Goodwin-Stewart and Kent (2006) reported through their findings that the existence of an internal audit function in a firm is highly and positively associated with external audit fees. Results pointed out that this positive association has strengthened since 2000. "This observation suggests that firms that engage in greater internal monitoring through the use of internal audit also demand higher quality external auditing" (Goodwin-Stewart and Kent, 2006, p. 388).

In a more recent study, Glover et al. (2008) analysed how sourcing arrangements influence external auditors' decision to rely on the internal audit. According to a study effected on 127 external auditors, results showed that the likelihood of external auditors to rely on in-house or outsourced internal auditors' work is equal when inherent risk is low. Similarly, external auditors are more prone to rely on the work of outsourced rather than in-house internal auditors when inherent risk is high. In addition to what has been said, it was found that when inherent risk is high, external auditors place more reliance on work done by internal auditors for tasks which are objective, rather than subjective tasks, but not when inherent risk is low.
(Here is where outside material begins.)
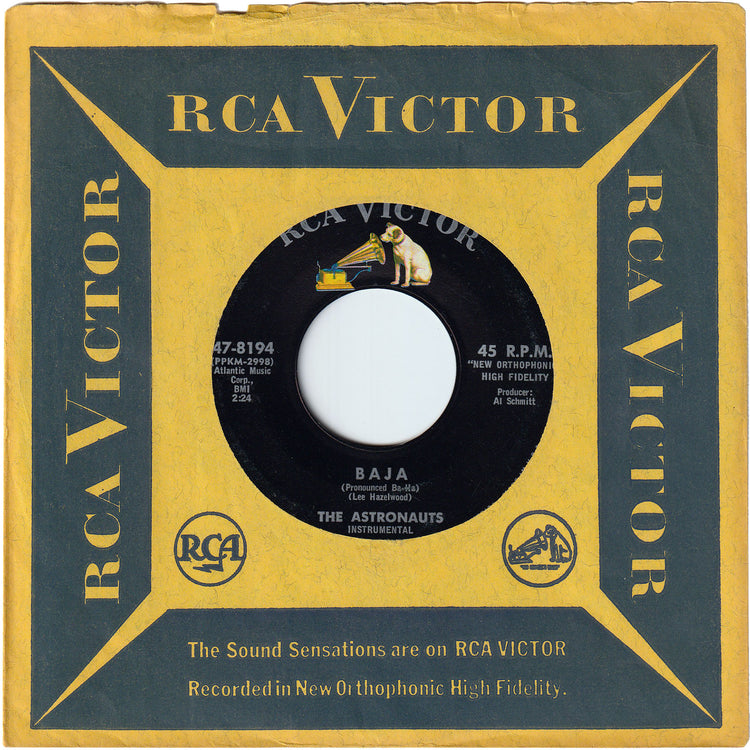 The Astronauts - Baja / Kuk [Hollywood Pressing]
Finally, Munro and Stewart (2009) carried out a survey to know how internal audit sourcing arrangement and internal audit's consulting affect external auditors' reliance on internal auditors' work. Results led to the conclusion that external auditors are less likely to use internal auditors' work for substantive testing of account balances than for the assessment of internal financial control. It is to be noted that an exception was identified; that is external auditors employ internal auditors mostly as assistants for substantive testing when internal audit is provided in-house.

To sum up, earlier studies have made use of a explanatory and experimental approach with no proper model to guide the research hypotheses. As revealed in Table 1 above, the findings from these studies have been varied and indecisive. While one study (Abdel-khalik et al. 1983) identifies objectivity as the most important factor, others (Brown 1983; Schneider 1984, 1985a, 1985b; Margheim 1986) term work performance as the most significant. On the contrary, latest studies (Margheim 1986; Messier and Schneider 1988; Edge and Farley 1991; Maletta 1993) identify that external auditors believe competence to be the most significant factor in the assessment of the internal audit function. Hence, though a noteworthy amount of previous research has been carried out, yet there are no clear conclusions concerning how external auditors really evaluate and combine these factors so as to appraise the strength of the internal audit function and therefore how much reliance to place on internal auditors.